Tenho uma certa relutância com tecnologias, confesso. As minhas relações com automóveis foram todas desastrosas e arrisco-me a dizer: continuam a ser. Se entrarmos nos campos dos telemóveis, já me aconteceu de tudo: desde caírem na sanita, na sargeta, no mar, na barragem, até estarem, constantemente, a escorregarem-me das mãos. O meu actual telemóvel é antigo, está partido, tem fita-cola à volta e, segundo o meu marido, não se consegue ouvir nada quando me ligam. Se evoluirmos e falarmos dos portáteis, bem, não é incomum desatar a bater com os portáteis nas paredes (juro que já me aconteceu tropeçar nos meus próprios pés e espalhar-me ao comprido com o pc nos braços).
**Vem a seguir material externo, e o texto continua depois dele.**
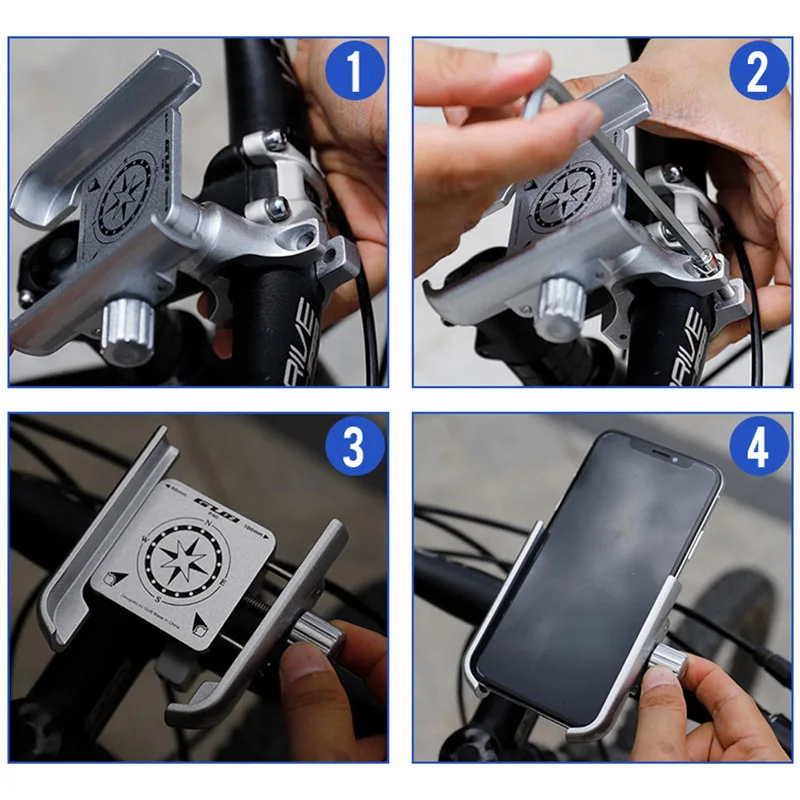 

GUB P40 Aluminum Alloy Bicycle Mobile Phone Holder 360 Rotating Adjustment Handlebar Brake Outdoor Riding Accessories JC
Não de propósito, obviamente. Estranhamente, não nutro especial interesse em destruir materiais. São simplesmente espasmos do meu corpo que não controlo. Por saber que sou assim, é estranho e parvo, mas evito adquirir novas tecnologias, mesmo se se tratar da mais simples tecnologia imaginável. Não tenho especial motivação por telemóveis, gudgets, televisões, computadores. Não ligo puto. E depois, bem, depois há uma (enorme, no meu ponto de vista!) responsabilidade inerente à utilização dos mesmos. Quando são novos agarro-os, conscientemente, com força para não caírem, penso duas vezes antes de dar um passo ou de os fazer mover de um lado para o outro. E isso deixa-me nervosa. E nervosa e nervosa. 

Terça-feira, 15 de Maio de 2012

Descaradamente infiéis.

O cinema francês está na moda. E eu descobri que até gosto dele. Este filme, descaradamente infiéis, até estava giro. Aqui e ali tocava no Closer. Algumas cenas interessantes ao nível dos diálogos. Enfim. Mas, eis que na última cena, resolvem estragar todo (mas todo!) o filme. Impressionante! Acho mesmo que se quisessem ter feito de propósito não tinham conseguido um final tão péssimo. 
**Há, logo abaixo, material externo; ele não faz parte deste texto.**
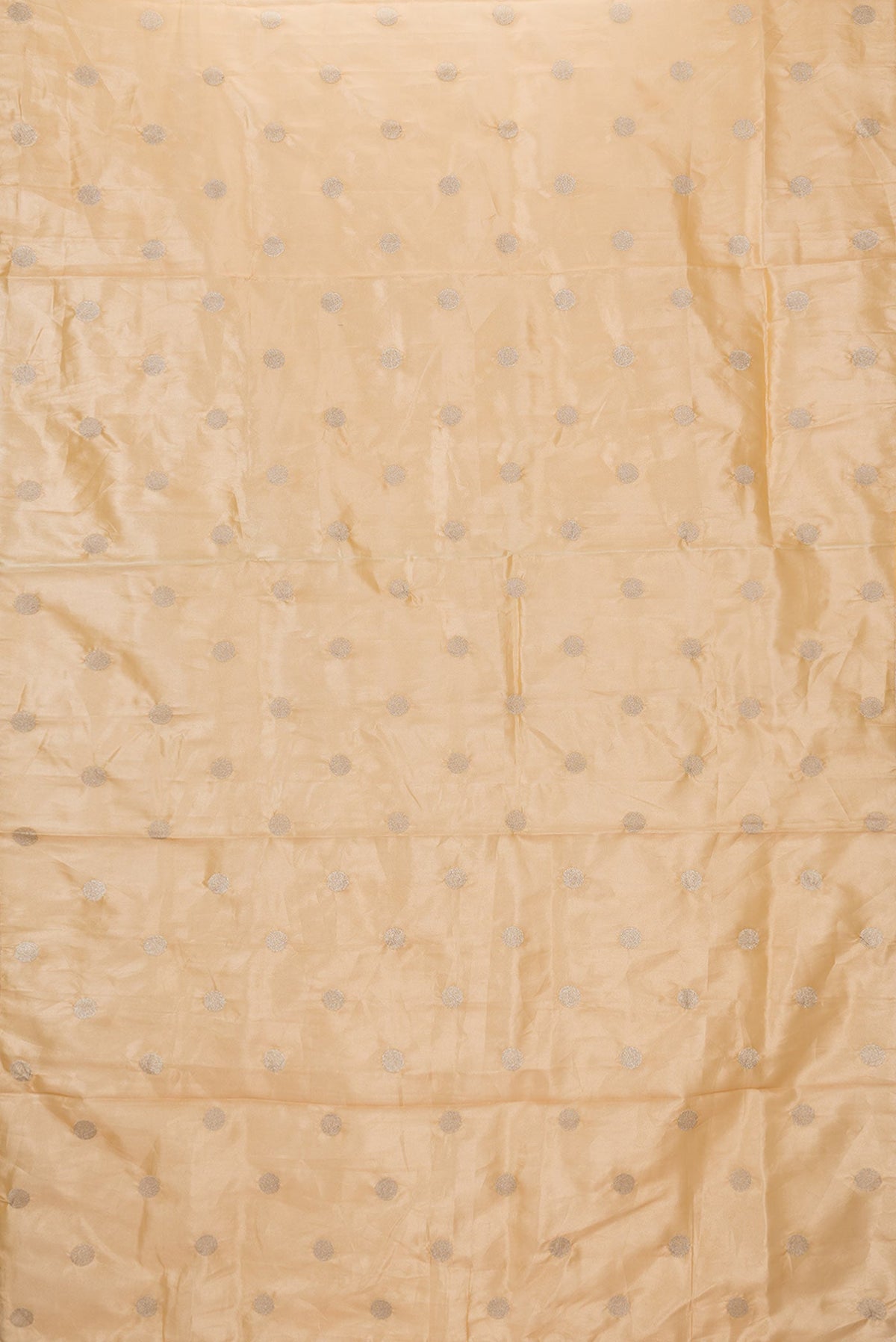 Flat view of Gold Dual Tone Blended Organza Silk Saree with Zari Brocade on the body and Embroidery Border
Segunda-feira, 14 de Maio de 2012

Quando não sabes o que queres, mantém-te quieto. Estar quieto é uma opção tão válida como outra qualquer. 

Domingo, 6 de Maio de 2012

Amizade é...

... quando entendes a pensamento da outra pessoa, apenas com um olhar.

Quinta-feira, 3 de Maio de 2012


Aiiiiiiiiiiiiii, que nervos!! Que coisa é esta, aquela que nos está sempre a empurrar, aquela força invisível que nos impossibilidade de realizar? Tenho vontade de o fazer, pessoas a incentivar-me, imaginação suficiente e disponibilidade temporal. O que é que falta? O que é que falta? O que é que falta? Não sei se receio de falhar. Medo de investir tempo, horas, minutos de mim para depois, no final, dar em zero. Medo de fornecer expectativas, alimentá-las e depois não cumprir. Medo de quê? Que nervos!!!!